Re: [HACKERS] parallel.c oblivion of worker-startup failures

From: Peter Geoghegan <pg(at)bowt(dot)ie>
To: Robert Haas <robertmhaas(at)gmail(dot)com>
Cc: Amit Kapila <amit(dot)kapila16(at)gmail(dot)com>, Michael Paquier <michael(dot)paquier(at)gmail(dot)com>, Tom Lane <tgl(at)sss(dot)pgh(dot)pa(dot)us>, pgsql-hackers <pgsql-hackers(at)postgresql(dot)org>
Subject: Re: [HACKERS] parallel.c oblivion of worker-startup failures
Date: 2018-01-25 00:29:09
Message-ID: CAH2-WzkXtsfjfVyw89AOWSxLWG1QQaqkCrNa2axk5tmeSRg+zQ@mail.gmail.com
Views: Raw Message | Whole Thread | Download mbox | Resend email
Thread:
Lists: pgsql-hackers

On Wed, Jan 24, 2018 at 3:37 PM, Robert Haas <robertmhaas(at)gmail(dot)com> wrote:
> Well, I've been resisting that approach from the very beginning of
> parallel query. Eventually, I hope that we're going to go in the
> direction of changing our mind about how many workers parallel
> operations use "on the fly". For example, if there are 8 parallel
> workers available and 4 of them are in use, and you start a query (or
> index build) that wants 6 but only gets 4, it would be nice if the
> other 2 could join later after the other operation finishes and frees
> some up.

That seems like a worthwhile high-level goal.

I remember looking into Intel Threading Building Blocks many years
ago, and seeing some interesting ideas there. According to Wikipedia,
"TBB implements work stealing to balance a parallel workload across
available processing cores in order to increase core utilization and
therefore scaling". The programmer does not operate in terms of an
explicit number of threads, and there are probably certain types of
problems that this has an advantage with.
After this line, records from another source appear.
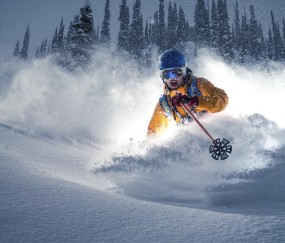 如何使用米兰milan使用指南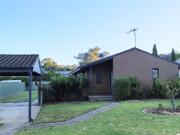 Charming 3 Bedroom Home with Spacious Yard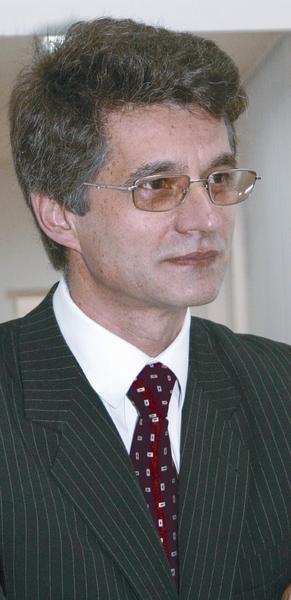 „Chirurgi, în trenul trist al sistemului sanitar“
That model also has its costs, though, and I don't think it's every
going to supplant a lower level approach. In an ideal world, you have
both things, because TBB's approach apparently has high coordination
overhead on many core systems.

> That, of course, won't work very well if parallel operations
> are coded in such a way that the number of workers must be nailed down
> at the very beginning.

But my whole approach to sorting is based on the idea that each worker
produces a roughly even amount of output to merge. I don't see any
scope to do better for parallel CREATE INDEX. (Other uses for parallel
sort are another matter, though.)

> Now maybe all that seems like pie in the sky, and perhaps it is, but I
> hold out hope. For queries, there is another consideration, which is
> that some queries may run with parallelism but actually finish quite
> quickly - it's not desirable to make the leader wait for workers to
> start when it could be busy computing. That's a lesser consideration
> for bulk operations like parallel CREATE INDEX, but even there I don't
> think it's totally negligible.

Since I don't have to start this until the leader stops participating
as a worker, there is no wait in the leader. In the vast majority of
cases, a call to something like WaitForParallelWorkersToAttach() ends
up looking at state in shared memory, immediately determining that
every launched process initialized successfully. The overhead should
be negligible in the real world.

> For both reasons, it's much better, or so it seems to me, if parallel
> operations are coded to work with the number of workers that show up,
> rather than being inflexibly tied to a particular worker count.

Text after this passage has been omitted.